There's a very interesting extension of the railroad gauge story and
horses' behinds. When we see a Space Shuttle sitting on the launch
pad, there are two big booster rockets attached to the sides of the
main fuel tank, well known as the solid rocket boosters, or SRBs. The
SRBs are made by Thiokol at a factory in Utah. The engineers who
designed the SRBs might have preferred to make them a bit fatter but
the SRBs had to be shipped by train from the factory to the launch
site. The railroad line to the factory runs through a tunnel in the
mountains. The SRBs had to fit through that tunnel.

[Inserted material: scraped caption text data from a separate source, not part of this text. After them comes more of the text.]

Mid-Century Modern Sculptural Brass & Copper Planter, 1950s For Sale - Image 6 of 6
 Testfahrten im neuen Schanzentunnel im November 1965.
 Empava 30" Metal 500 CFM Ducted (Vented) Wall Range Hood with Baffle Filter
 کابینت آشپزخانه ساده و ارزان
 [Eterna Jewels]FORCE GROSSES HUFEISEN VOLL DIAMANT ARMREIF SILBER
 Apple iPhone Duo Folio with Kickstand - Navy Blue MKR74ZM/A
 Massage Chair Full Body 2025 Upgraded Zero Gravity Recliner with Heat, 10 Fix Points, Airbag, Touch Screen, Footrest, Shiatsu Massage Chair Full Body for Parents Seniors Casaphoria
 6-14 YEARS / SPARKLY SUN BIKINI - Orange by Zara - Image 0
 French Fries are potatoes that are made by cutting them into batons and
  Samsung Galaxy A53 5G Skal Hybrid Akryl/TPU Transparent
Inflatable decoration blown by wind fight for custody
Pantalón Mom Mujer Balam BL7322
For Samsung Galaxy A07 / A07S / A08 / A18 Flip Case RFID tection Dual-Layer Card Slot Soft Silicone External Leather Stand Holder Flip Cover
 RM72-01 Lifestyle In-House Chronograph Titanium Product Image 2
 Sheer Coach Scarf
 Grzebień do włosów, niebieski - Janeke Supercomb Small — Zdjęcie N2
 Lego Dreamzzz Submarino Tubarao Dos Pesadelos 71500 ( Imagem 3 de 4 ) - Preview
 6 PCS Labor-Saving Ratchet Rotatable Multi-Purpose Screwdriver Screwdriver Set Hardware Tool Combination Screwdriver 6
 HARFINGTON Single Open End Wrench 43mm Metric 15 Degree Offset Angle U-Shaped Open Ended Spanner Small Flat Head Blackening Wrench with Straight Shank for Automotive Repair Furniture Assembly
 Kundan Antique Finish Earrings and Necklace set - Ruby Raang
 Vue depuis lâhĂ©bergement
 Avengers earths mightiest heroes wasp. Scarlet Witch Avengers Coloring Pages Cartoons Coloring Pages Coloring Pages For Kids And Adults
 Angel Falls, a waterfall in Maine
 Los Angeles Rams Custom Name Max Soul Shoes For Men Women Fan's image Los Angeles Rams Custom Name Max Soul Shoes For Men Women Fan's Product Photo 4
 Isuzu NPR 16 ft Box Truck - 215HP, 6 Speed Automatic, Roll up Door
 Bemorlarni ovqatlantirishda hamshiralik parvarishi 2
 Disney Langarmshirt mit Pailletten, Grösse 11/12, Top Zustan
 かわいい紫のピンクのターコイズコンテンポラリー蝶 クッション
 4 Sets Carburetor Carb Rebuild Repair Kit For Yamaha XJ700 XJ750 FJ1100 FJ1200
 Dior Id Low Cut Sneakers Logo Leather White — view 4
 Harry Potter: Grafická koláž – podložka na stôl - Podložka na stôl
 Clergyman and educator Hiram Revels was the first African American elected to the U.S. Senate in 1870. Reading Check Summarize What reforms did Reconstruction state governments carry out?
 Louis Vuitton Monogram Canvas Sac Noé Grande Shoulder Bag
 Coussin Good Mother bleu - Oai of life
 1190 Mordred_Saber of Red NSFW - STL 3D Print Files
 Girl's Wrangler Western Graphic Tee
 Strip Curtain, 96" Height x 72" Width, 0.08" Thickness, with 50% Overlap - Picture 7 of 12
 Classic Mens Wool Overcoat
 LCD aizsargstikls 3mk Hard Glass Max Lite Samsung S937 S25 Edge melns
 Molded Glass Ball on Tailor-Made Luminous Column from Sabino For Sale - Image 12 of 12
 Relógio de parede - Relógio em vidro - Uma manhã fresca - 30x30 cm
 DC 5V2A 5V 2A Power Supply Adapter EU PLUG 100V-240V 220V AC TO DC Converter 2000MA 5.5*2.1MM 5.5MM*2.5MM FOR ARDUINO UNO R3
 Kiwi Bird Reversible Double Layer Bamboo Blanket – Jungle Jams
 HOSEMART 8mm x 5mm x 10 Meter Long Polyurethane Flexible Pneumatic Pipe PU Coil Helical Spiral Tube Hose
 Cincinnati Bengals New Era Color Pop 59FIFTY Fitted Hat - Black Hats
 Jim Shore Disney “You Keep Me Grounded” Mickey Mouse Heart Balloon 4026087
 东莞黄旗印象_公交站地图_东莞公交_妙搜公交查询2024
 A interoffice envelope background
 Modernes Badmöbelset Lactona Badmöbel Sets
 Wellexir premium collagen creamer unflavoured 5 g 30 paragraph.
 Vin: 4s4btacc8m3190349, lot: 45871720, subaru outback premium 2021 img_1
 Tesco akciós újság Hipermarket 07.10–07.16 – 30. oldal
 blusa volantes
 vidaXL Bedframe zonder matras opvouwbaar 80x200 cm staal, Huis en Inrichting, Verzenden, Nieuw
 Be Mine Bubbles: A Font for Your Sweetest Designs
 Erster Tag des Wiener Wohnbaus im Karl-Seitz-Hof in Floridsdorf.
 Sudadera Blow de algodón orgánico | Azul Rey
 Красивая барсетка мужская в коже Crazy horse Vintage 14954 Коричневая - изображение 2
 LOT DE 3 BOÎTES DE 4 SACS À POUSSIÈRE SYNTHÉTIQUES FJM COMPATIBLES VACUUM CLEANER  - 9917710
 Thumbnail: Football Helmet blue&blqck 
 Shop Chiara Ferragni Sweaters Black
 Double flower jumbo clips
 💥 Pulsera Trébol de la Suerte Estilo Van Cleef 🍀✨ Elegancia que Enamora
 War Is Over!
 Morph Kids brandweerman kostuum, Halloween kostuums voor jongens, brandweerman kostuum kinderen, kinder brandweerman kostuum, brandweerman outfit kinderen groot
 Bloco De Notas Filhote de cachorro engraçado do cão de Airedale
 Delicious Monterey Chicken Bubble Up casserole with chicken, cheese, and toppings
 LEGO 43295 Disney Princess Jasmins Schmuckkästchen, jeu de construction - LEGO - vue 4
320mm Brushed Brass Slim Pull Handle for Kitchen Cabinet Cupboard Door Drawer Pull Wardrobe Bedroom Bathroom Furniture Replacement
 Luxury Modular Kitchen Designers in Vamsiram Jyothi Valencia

The tunnel is only slightly wider than a railroad track and the
railroad track is about as wide as two horses' behinds. So as it
stands, a major design feature of what is arguably the world's most
advanced transportation and rocket system, conceivably was determined
by the width of a horse's backside, or two.
As an astronaut, how would you like to be saddled with that?
Richard Killoy, RF Engineer
Motorola -- Fixed Wireless Systems Group
Broadband Solutions Division
work: (480) 456-2487 pager: firstname.lastname@example.org
cell: (480) 799-9739
From: Scott Brenneman [mailto:email@example.com]
Sent: Tuesday, March 07, 2000 4:10 PM
Subject: RE: [SI-LIST] :PCB Bd thkness'
My understanding is that 1/16" was the thickness of one ply of plywood, and
that the original PCB lamination machines were based on plywood laminators.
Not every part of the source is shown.